After nuclear project abandoned, area businesses already hurting

FAIRFIELD COUNTY, SC (WIS) - It's just a campground, but co-owner D. Melton says Broad River Campground feels like home.

"All the people here, the workers, are absolutely great. They've become almost like family members – just great people to know and be around," he said.

But now, the community – just a few miles from V.C. Summer – is changing.

"I have about, I'd say, 98 or 99 percent of these people here do work at V.C. Summer," Melton said.

That's why the sudden abandonment of the nuclear plant's expansion project could be felt at the campground immediately. Tuesday, contractors loaded up rented propane tanks as campers packed up and hit the road – now unemployed and looking for work.

"One of the workers said his best buddy just bought a new home here in Columbia and a new pick-up truck two days ago and walks in and finds out he no longer has a job," Melton said.

For Melton and those workers, it happened so fast.

"A couple of my campers told me they were standing there in the meetings, and as they were announcing the information and what was going on, a lot of people beginning to cry and carry on and just d ropping their tools and slinging things down and walking off," he told WIS.

For Melton himself, he's left with a half-empty campground and the job of re-inventing his business. Across Fairfield County, other businesses are in similar predicaments.

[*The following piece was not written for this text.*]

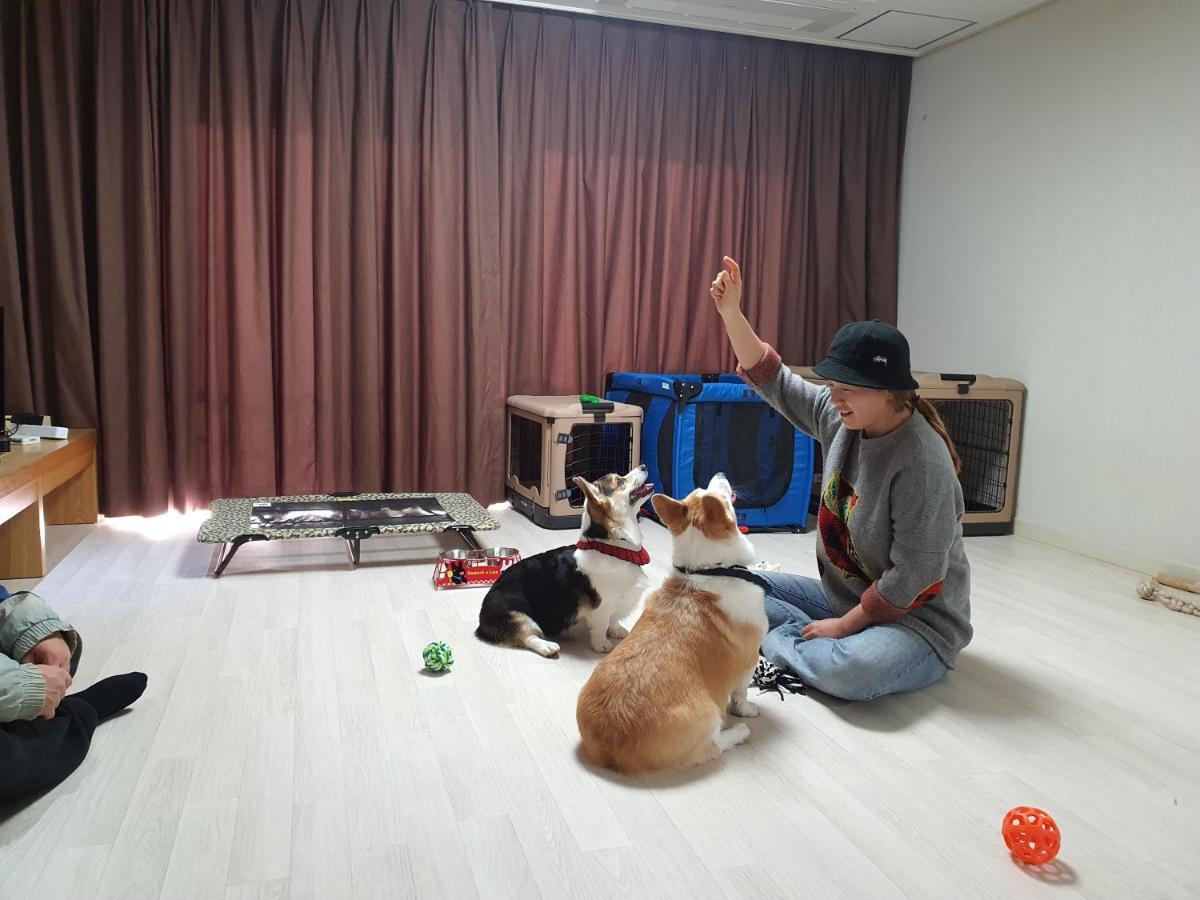 Hi Jeju Hotel Bagian luar foto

Terry Vickers, the President of the Fairfield County Chamber of Commerce, sent WIS this statement:

"Over the past 10 years Fairfield County has been proud of the fact that two new reactors were being licensed and built, which had not been done in the US in 30 years.  So everyone is in shock from the announcement yesterday to halt constructions of these reactors.  We have citizens without jobs, rental accommodations without renters, retail establishments catering to customers with less spendable income.  I am sure we have not fully identified all the areas that will be affected by this announcement.  I do feel our County Council will gather all the information needed to develop a plan for our County.  I think the SCE&G folks are feeling the same shock with the Santee Cooper announcement.  Having worked in this County for twenty years I am certain that our Council, Delegation, Industry leaders will put their heads together and work though the current situation to provide for our community."

Meanwhile, back at the campground, Melton said he's confident it will survive. It'll just be different without the community that had set up shop and called this place home.

The silver lining for Melton – his campground isn't far from Lake Monticello, the Broad River, and Lake Murray. He hopes to attract hunters, fisherman, and other outdoor enthusiasts to his campground.